CP-4 - Contingency Plan Testing
Control requirements
CP-4 (a)
Test the contingency plan for the system [IBM Assignment: at least annually] using the following tests to determine the effectiveness of the plan and the readiness to execute the plan: [IBM Assignment: functional exercises].
CP-4 (b)
Review the contingency plan test results.
CP-4 (c)
Initiate corrective actions, if needed.
Additional IBM Cloud for Financial Services specifications
Tests should be conducted in as close to an operational environment as possible. If feasible, an actual test of the components or systems used to conduct daily operations should be used.
Test documentation must ensure contingency planning metrics such as the RTO, RPO and maximum tolerable downtime (MTD) are verified during testing.
Contingency Plan test reports must be completed within 30 days after completing the Contingency Plan Test.
If lessons learned result in any necessary improvements to existing processes, ensure they are incorporated into the contingency plan no later than 30 days following all contingency events and exercises.
Critical issues discovered during contingency plan testing must be addressed within 45 calendars day.
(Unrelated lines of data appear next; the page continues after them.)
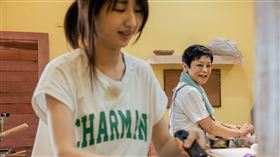 柯佳嬿（左）差點被張艾嘉調離廚房（圖／泰坦星提供）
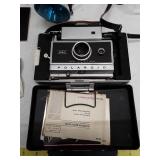 Antique Polaroid 250 Land Camera Automatic with Flash Bulbs and Manual
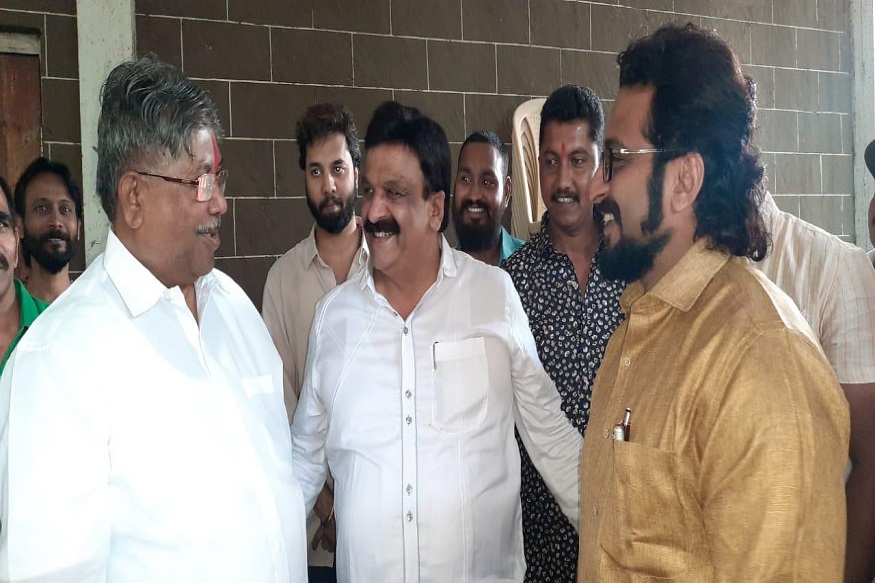 निवडणुकीत 'लढणा'रे दोन नेते जेव्हा समोरासमोर येता तेव्हा...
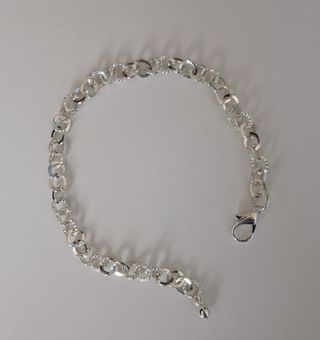 Pulsera de metal plateado.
Contingency plan tests should increase in scope over time in order to validate the operability of the plan and system components in an operational environment.
The organization must participate in customers' and other third parties' contingency plan tests as required.
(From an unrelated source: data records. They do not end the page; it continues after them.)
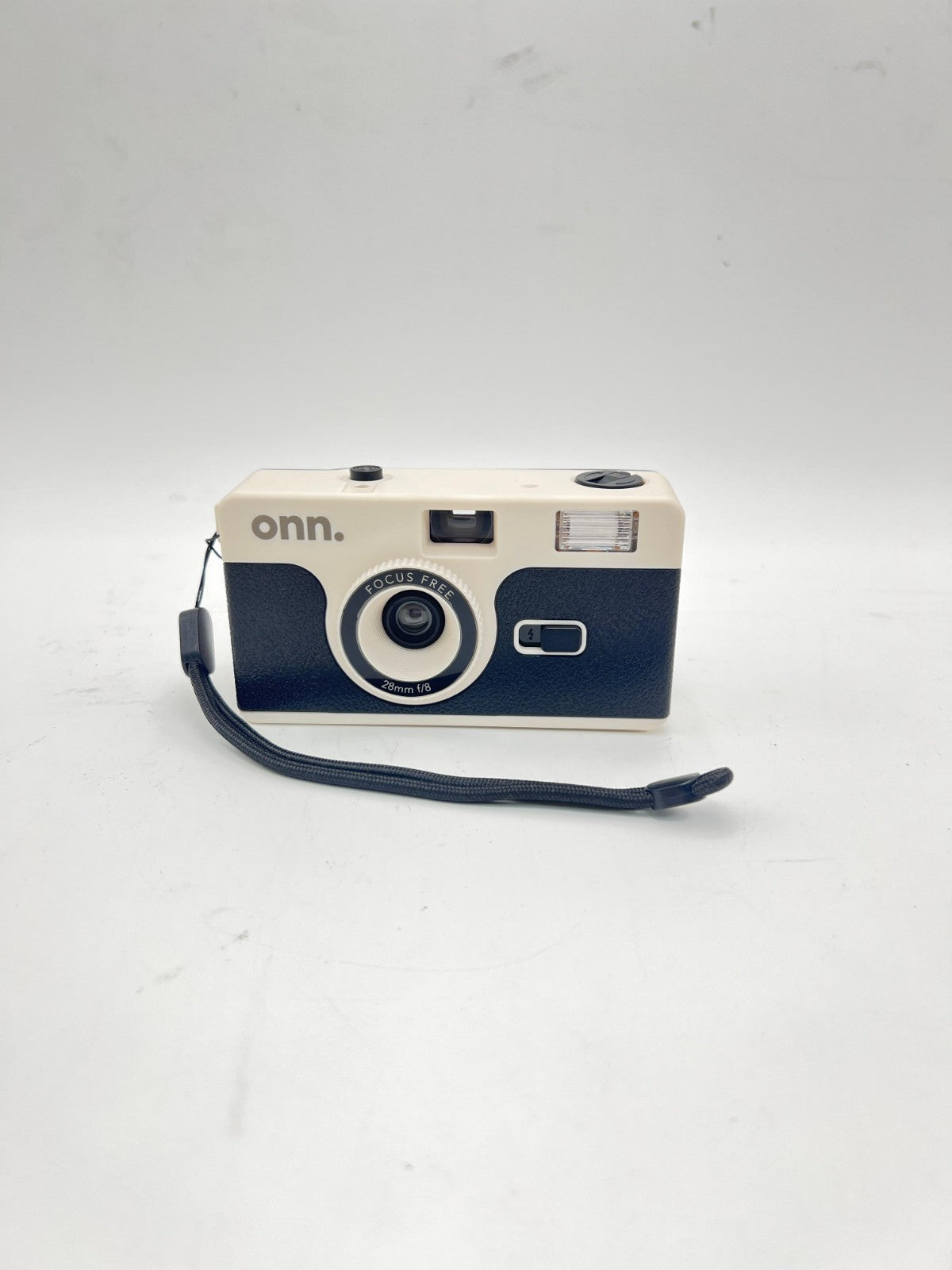 Reusable 35mm Camera With Flash - Focus - Onn. Fixed Focus- 27 Exposures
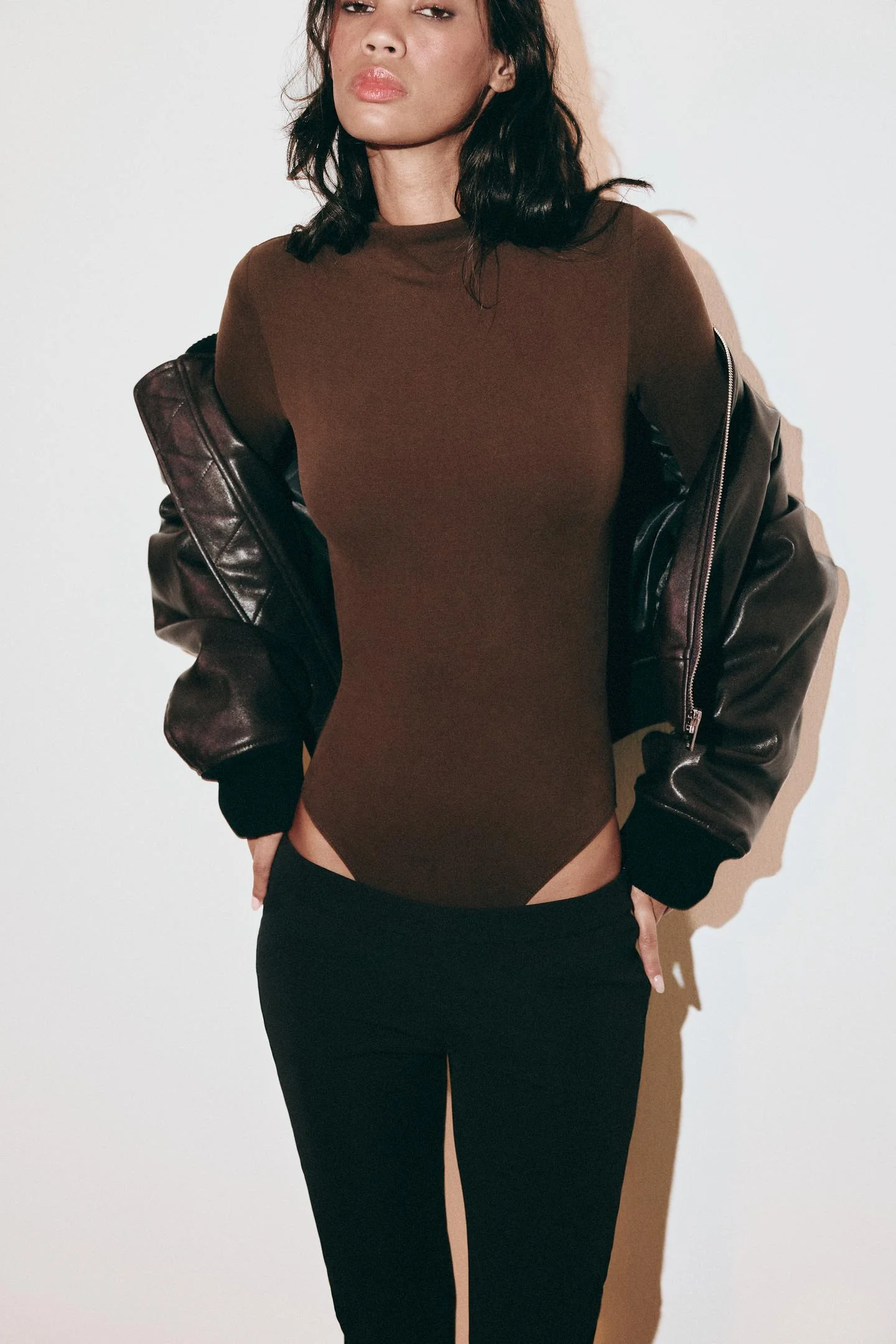 Брюки Zara Capri, черный — фото 3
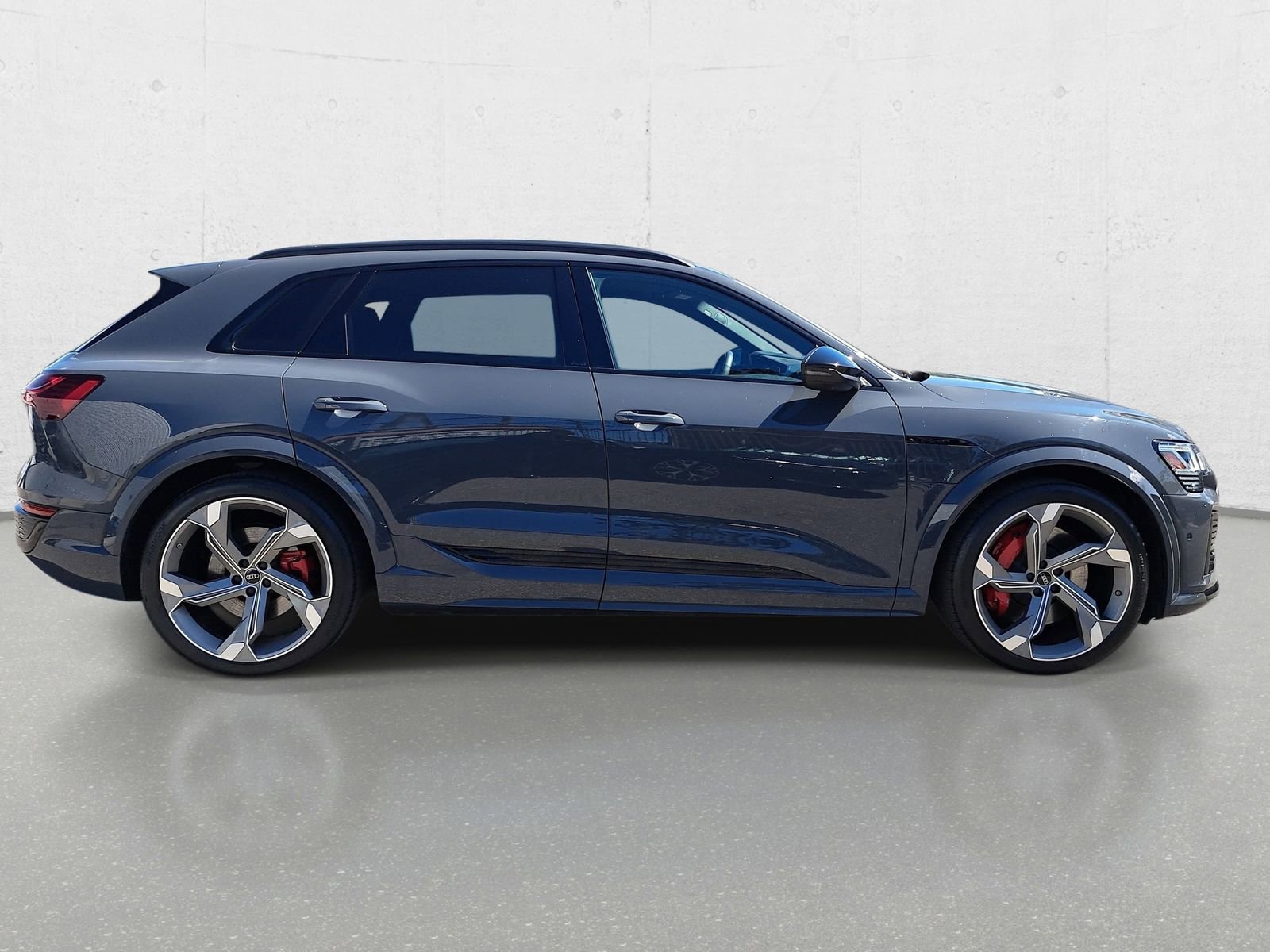 Used 2024 Audi SQ8 e-tron Premium Plus w/ Black Optic Package image 4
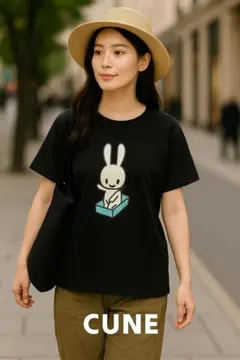 ★可愛い！CUNEコットンブラックTシャツのサムネイル
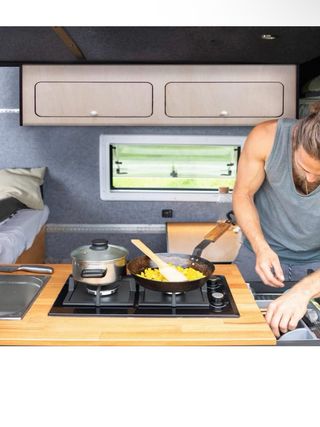 Mueble camper altillo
NIST supplemental guidance
Methods for testing contingency plans to determine the effectiveness of the plans and identify potential weaknesses include checklists, walk-through and tabletop exercises, simulations (parallel or full interrupt), and comprehensive exercises. Organizations conduct testing based on the requirements in contingency plans and include a determination of the effects on organizational operations, assets, and individuals due to contingency operations. Organizations have flexibility and discretion in the breadth, depth, and timelines of corrective actions.